Mereka menyebut, sejak Mei 2022 lalu, Benjamin dan Sanna sudah mengunjungi sejumlah negara di antaranya, Jepang, Yunani, Jerman, Korea, Turki, Slovenia, hingga Indonesia sebagai negara ke-18.

Bahkan, saat tiba di Indonesia pada bulan Oktober lalu, mereka sudah bersepeda mengitari Bali, Banyuwangi, Surabaya, Probolinggo, Yogya, hingga Solo.

Sayangnya, ketika hendak melanjutkan perjalanan ke Magelang dan Semarang, mereka mendapat tekanan dan teror oleh orang tak dikenal.

Sehingga, dengan terpaksa Benjamin dan Sanna harus kembali ke daerah asalnya, Swedia.

"Kami belum pernah mengalami hal seperti ini di negara-negara sebelumnya. Tapi terlepas dari ancaman-ancaman ini kami akan terus melanjutkan kampanye, seperti menyelenggarakan acara online di seluruh Indonesia dengan bantuan jaringan kami yang luas," ucap Benjamin.

Lebih jelas Benjamin mengatakan, ada banyak kisah menarik dan berkesan saat mereka mengunjungi berbagai negara. Mulai dari keindahan alam, budaya, aktivitas sosial, hingga antusias masyarakat yang menyambut kedatangan Ben dan Sanna.

Beberapa di antaranya, saat berada di Jepang dan Indonesia. Saat di Jepang, Ben mengaku, terpukau dengan keindahan alam dan pemandangan kota yang bagus.

Tidak hanya itu, Ben dan Sanna juga diundang pada tujuh konferensi di Jepang untuk menyuarakan isu HAM yang terjadi di Sahara Barat.

"Jepang menjadi salah satu yang paling berkesan. Selain alamnya yang bagus, di sana juga banyak membuat kegiatan-kegiatan sosial kemanusiaan," ucap dia.

Senada dengan hal tersebut, saat di Indonesia Ben dan Sanna kagum dengan keramahan orang Indonesia, bahkan Sanna juga takjub adanya kemacetan lalu lintas.

Namun terlepas dari itu, mereka merasa terkesan dengan Indonesia lantaran diundang menjadi pembicara pada 15 dialog publik dan 30 wawancara media.

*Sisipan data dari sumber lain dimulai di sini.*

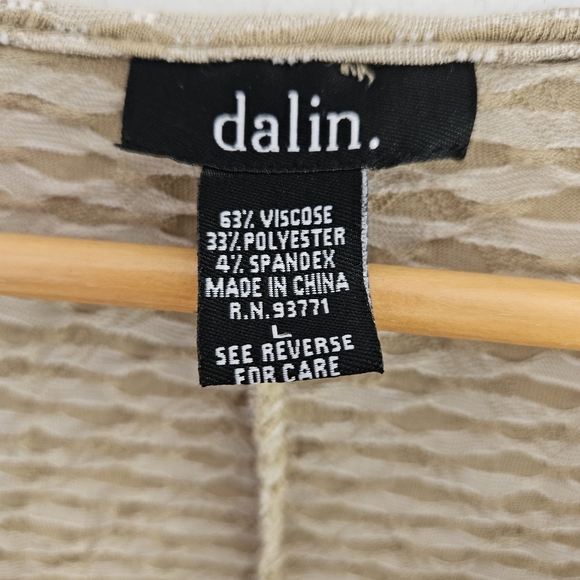 Dalin Women's Top Textured Boho Asymmetrical Hem Blouse - Picture 12 of 13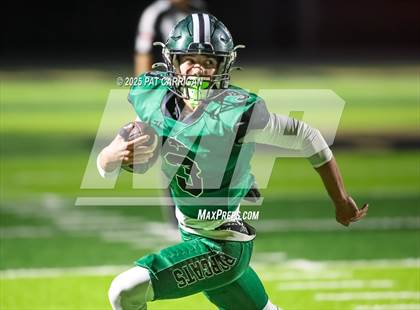 Thumbnail 1 in Bluff Dale vs. Mount Calm (UIL 1A Division 2 Football Bi-District) photogallery.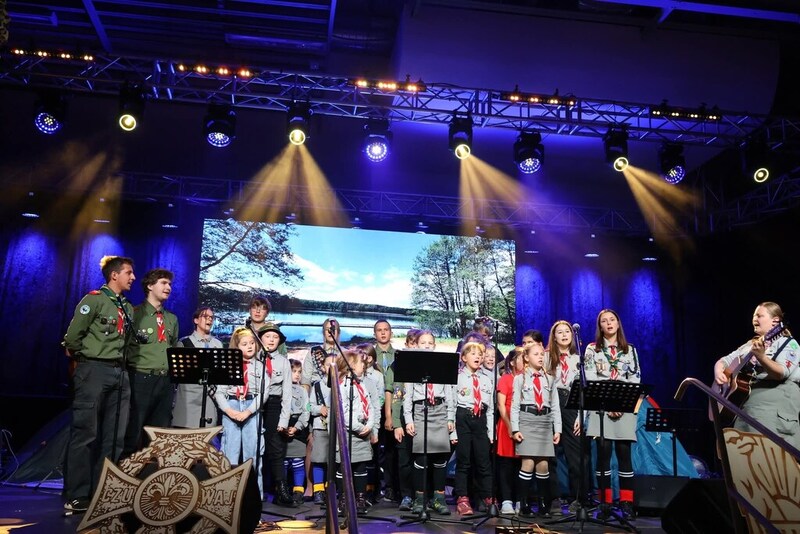 zdjęcie na scenę wydarzenia, na scenie harcerze wykonujący piosenkę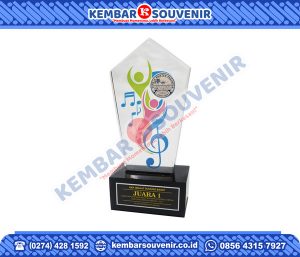 Contoh Piala Akrilik Pemerintah Kabupaten Pamekasan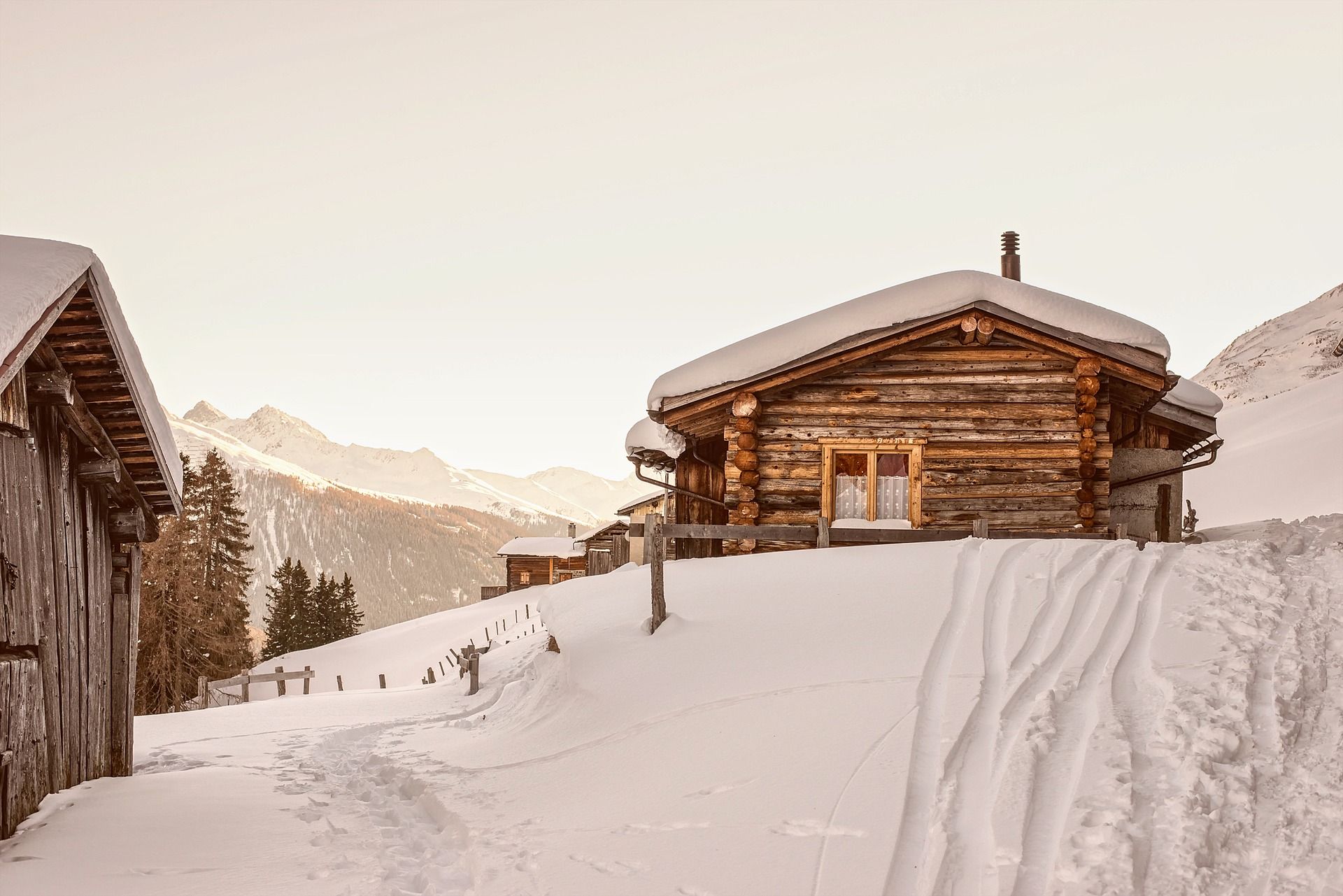 Hüttenromantik beim Skiurlaub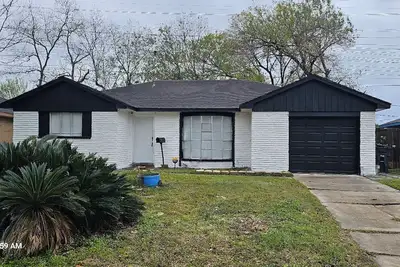 Image de Charming 3-bedroom house with Backyard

"Menurut kami, orang Indonesia memiliki tingkat empati yang tinggi seperti saat mereka membela Palestina. Sehingga kami berharap, saat kita menyuarakan pelanggaran HAM yang terjadi di Sahara Barat, masyarakat Indonesia juga bisa membela Sahara Barat layaknya Palestina. Karena sebetulnya ini konflik yang sama," ungkap Sanna.

Aktivis asal Swedia itu mengatakan, banyak menerima ancaman online dari berbagai pihak. Namun, mereka tidak lantas menyerah dan terus melakukan antisipasi keamanan.

Di antaranya, dengan tidak berkunjung ke negara-negara yang banyak ditinggali warga Maroko, dan tentu akan lebih teliti saat membagikan segala aktivitasnya di media sosial.

"Sejauh ini kami melakukan kampanye ini dengan independen dan kemauan kita sendiri. Belum ada organisasi besar yang menyupport kami. Namun jika kalian ingin membantu, bisa mengunjungi laman kami Solidarity Rising," ungkap Sanna.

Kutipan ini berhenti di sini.